The new proposal silently ignores these historical facts and imposes no obligation on Turkey, either directly or through its puppet regime in northern Cyprus, to rectify the losses of life and property or to account for violations of laws and treaties. In the face of the proposal's silence regarding Turkey's role in creating the current state of affairs, the U.S. must apply a double standard to support the proposal. The proposal also requires the U.S. to turn its back on brave Turkish citizens struggling for human rights and real democratic reforms. Support of the proposal is inconsistent with President George H.W. Bush's September 9, 1990 condemnation of aggression made in the context of Iraq's invasion of Kuwait:

"We must demonstrate beyond any doubt that aggression cannot and will not pay."

* * * *

"No peaceful international order is possible if larger states can devour their smaller neighbors."

Likewise, the U.S. must not ignore the wisdom of the Eisenhower Doctrine, articulated by President Eisenhower on October 31, 1956, during the Middle East crisis:

"There can be no peace without law. And there can be no law if we were to invoke one code of international conduct for those who oppose us and another for our friends."

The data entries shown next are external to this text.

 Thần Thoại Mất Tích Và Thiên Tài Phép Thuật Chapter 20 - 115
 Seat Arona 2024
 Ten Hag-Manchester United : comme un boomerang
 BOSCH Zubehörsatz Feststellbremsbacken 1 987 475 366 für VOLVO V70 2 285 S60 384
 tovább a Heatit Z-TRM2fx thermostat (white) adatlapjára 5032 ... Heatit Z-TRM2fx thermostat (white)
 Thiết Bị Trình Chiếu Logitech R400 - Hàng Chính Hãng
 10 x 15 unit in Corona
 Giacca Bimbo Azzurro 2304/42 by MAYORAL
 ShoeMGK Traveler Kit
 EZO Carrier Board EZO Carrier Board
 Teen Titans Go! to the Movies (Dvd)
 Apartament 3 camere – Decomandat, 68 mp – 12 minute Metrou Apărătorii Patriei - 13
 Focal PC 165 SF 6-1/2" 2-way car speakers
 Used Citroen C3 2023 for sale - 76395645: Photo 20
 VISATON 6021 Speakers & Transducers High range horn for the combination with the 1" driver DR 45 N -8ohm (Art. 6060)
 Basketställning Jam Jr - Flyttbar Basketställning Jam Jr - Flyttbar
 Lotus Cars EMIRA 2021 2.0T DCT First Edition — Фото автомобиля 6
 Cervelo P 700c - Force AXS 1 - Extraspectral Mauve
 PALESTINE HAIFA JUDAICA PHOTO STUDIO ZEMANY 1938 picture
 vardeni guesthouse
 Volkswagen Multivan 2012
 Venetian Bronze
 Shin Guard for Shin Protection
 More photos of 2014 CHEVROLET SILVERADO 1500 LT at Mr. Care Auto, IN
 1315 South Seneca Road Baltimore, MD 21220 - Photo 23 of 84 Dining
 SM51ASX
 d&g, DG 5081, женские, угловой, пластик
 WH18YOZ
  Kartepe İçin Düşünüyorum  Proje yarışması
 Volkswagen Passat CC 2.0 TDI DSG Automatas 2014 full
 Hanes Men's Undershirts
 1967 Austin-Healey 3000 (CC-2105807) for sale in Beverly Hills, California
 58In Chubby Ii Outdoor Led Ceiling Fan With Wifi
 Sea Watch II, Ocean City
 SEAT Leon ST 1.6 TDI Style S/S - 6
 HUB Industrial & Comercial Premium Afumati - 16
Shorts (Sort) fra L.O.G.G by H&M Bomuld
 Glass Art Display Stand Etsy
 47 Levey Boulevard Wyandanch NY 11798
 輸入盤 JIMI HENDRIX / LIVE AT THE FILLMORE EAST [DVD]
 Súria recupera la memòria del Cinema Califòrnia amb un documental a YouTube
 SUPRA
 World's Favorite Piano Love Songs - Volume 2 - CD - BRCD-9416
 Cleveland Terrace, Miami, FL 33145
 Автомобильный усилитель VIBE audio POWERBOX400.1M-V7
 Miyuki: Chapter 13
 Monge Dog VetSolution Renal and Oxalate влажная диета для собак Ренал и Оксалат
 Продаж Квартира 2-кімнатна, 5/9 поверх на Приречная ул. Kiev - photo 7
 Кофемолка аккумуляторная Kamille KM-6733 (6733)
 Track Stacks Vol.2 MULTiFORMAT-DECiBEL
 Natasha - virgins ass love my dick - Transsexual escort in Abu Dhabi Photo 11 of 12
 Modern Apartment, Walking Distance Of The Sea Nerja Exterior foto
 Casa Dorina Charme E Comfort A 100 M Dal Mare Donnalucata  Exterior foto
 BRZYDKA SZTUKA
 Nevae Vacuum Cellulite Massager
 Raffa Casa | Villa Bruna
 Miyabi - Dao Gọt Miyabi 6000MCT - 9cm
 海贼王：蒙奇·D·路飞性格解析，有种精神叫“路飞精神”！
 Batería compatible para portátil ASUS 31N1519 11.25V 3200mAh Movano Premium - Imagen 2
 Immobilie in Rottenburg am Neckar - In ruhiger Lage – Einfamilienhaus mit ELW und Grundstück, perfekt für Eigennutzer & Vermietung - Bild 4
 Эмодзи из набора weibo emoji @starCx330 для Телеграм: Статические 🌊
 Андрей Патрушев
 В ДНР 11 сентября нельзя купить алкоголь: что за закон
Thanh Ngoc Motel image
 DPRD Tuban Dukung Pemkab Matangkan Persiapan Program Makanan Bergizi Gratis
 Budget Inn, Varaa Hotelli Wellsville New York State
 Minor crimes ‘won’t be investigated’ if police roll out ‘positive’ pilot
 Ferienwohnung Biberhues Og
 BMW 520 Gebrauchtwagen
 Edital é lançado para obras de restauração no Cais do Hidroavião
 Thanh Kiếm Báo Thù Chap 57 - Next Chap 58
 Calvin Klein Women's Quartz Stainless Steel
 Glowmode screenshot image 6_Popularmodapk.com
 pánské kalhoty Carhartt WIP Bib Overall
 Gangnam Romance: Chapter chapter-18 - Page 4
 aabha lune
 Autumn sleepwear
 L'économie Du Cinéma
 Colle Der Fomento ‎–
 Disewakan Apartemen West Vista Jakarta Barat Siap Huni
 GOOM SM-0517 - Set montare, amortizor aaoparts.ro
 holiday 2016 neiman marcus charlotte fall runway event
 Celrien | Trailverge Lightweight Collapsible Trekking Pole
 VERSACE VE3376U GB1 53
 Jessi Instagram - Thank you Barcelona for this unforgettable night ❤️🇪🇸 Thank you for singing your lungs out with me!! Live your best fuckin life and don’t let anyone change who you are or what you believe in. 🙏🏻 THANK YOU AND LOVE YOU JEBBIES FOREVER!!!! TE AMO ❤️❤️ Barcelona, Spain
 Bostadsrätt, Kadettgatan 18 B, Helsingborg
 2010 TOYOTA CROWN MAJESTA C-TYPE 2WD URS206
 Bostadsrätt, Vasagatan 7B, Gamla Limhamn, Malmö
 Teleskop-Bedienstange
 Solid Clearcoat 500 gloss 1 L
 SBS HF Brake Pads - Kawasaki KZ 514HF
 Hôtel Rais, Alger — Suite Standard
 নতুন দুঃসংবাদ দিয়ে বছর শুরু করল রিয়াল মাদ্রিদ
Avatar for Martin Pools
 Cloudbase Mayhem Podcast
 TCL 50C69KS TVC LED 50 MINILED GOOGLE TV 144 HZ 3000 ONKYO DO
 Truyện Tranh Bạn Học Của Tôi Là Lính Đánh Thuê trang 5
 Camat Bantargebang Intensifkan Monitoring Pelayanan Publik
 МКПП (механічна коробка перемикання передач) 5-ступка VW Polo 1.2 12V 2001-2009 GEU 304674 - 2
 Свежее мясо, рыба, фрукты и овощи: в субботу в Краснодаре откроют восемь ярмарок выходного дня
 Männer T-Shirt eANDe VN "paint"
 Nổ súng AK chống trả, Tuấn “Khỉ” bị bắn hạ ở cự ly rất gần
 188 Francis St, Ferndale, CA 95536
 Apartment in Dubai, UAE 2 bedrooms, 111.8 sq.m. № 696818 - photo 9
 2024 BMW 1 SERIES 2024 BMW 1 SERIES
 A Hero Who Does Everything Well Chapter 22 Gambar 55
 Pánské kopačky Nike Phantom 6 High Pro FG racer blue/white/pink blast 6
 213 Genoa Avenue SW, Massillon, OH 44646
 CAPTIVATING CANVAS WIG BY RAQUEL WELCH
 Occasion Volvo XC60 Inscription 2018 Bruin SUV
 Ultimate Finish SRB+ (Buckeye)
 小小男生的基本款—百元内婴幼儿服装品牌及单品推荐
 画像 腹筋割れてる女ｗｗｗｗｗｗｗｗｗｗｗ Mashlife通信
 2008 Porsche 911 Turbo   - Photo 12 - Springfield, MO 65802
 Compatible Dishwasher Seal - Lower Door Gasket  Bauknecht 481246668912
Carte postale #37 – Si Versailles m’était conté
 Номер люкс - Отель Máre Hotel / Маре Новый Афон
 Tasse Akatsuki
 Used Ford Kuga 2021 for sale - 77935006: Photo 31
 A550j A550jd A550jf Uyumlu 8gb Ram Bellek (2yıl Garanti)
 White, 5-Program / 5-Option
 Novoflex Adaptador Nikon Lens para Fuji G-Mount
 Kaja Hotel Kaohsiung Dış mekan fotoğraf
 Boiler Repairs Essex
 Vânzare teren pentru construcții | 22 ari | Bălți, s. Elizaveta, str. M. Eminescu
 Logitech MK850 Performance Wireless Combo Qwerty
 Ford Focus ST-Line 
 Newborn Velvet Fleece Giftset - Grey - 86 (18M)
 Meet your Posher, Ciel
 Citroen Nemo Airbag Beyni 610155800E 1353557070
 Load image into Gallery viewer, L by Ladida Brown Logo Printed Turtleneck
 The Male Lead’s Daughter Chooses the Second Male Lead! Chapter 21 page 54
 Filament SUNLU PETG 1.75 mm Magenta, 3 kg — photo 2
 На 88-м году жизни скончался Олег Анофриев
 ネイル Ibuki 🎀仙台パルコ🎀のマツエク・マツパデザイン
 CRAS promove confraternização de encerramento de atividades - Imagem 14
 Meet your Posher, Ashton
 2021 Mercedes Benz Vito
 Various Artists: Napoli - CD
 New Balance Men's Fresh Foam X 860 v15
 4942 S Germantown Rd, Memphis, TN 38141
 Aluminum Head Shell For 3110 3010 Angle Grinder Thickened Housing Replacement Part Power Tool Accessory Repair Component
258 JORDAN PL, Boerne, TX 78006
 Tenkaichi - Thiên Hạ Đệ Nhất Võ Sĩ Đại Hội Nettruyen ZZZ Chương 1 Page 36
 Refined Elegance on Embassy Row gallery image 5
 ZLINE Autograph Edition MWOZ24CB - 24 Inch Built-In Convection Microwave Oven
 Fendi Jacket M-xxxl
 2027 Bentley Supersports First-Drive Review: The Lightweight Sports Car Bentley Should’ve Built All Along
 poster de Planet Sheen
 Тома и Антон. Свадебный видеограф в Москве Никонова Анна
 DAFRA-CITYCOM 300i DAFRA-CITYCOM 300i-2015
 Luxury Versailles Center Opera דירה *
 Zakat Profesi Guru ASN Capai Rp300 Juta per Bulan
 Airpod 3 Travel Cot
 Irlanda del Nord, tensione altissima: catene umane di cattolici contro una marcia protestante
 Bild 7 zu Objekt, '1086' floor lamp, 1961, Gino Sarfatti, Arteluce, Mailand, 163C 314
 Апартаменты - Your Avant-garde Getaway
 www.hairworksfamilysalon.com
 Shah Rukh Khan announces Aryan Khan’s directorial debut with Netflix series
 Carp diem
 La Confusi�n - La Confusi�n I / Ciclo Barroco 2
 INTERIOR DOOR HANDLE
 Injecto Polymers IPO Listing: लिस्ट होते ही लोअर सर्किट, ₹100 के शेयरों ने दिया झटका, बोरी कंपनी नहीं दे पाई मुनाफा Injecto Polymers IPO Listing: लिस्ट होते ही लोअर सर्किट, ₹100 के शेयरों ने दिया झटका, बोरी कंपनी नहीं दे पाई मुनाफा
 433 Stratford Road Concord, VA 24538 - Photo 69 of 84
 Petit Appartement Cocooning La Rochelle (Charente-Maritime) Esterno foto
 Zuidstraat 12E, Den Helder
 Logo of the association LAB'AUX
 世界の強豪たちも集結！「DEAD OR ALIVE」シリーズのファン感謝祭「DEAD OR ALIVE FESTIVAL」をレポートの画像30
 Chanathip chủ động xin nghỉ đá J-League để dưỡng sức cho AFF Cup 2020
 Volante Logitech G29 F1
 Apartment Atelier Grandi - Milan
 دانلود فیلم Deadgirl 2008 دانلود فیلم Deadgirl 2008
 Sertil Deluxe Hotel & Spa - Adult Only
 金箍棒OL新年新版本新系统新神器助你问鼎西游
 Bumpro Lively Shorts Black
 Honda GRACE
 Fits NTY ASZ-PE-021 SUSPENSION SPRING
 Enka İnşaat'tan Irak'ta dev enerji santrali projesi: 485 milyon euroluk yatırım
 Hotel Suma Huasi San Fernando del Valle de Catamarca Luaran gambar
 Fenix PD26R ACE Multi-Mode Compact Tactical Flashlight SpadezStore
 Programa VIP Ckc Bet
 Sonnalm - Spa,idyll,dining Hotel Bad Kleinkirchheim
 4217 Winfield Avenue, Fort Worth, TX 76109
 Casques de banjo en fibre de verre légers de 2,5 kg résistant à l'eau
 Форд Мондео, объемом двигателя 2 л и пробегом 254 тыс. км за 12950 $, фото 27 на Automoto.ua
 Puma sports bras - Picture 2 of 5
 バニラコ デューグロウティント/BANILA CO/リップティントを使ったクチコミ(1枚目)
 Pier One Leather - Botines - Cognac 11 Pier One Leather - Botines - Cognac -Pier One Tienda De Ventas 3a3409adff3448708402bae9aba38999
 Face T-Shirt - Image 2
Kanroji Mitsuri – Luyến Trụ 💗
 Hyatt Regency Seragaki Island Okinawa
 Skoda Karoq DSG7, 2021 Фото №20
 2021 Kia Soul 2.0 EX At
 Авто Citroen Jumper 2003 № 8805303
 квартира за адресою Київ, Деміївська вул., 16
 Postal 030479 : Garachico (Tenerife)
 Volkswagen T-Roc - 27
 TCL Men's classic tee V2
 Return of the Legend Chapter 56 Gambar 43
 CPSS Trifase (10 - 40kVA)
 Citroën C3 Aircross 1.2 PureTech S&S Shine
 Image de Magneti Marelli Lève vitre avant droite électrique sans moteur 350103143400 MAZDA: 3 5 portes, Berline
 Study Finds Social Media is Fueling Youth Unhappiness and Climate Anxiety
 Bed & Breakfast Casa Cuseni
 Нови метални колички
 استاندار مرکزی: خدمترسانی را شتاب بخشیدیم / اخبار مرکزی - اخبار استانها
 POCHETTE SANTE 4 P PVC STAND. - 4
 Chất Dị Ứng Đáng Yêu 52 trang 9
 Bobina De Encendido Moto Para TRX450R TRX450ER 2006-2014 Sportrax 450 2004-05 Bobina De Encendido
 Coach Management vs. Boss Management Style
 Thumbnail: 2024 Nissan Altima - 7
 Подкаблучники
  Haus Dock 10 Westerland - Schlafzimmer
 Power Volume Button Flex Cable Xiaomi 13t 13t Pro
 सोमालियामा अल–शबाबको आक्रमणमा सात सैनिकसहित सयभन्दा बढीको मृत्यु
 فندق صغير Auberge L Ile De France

7. The proposal fails to demilitarize Cyprus

Because the proposal allows for a significant number of Turkish troops to remain on the island under expanded intervention rights, supporting the proposal requires the U.S. to ignore the U.N.'s requirement for a full and true demilitarization of Cyprus (see unanimous U.N. General Assembly resolution 3212 of November 1, 1974, adopted by the U.N. Security Council resolution 365 of December 13, 1974). The anachronistic 1959 Treaty of Guarantee has no place in the post-Cold War era and new millennium.

By ignoring the above considerations the U.S. will passively tolerate for Turkey a standard of conduct the U.S. aggressively condemns elsewhere. The perceived need for Turkey's cooperation in the war against international terrorism does not justify such a double standard. Rather than abandoning the bedrock American principles of democracy and the rule of law, the U.S. should withhold its support for the new Cyprus proposal.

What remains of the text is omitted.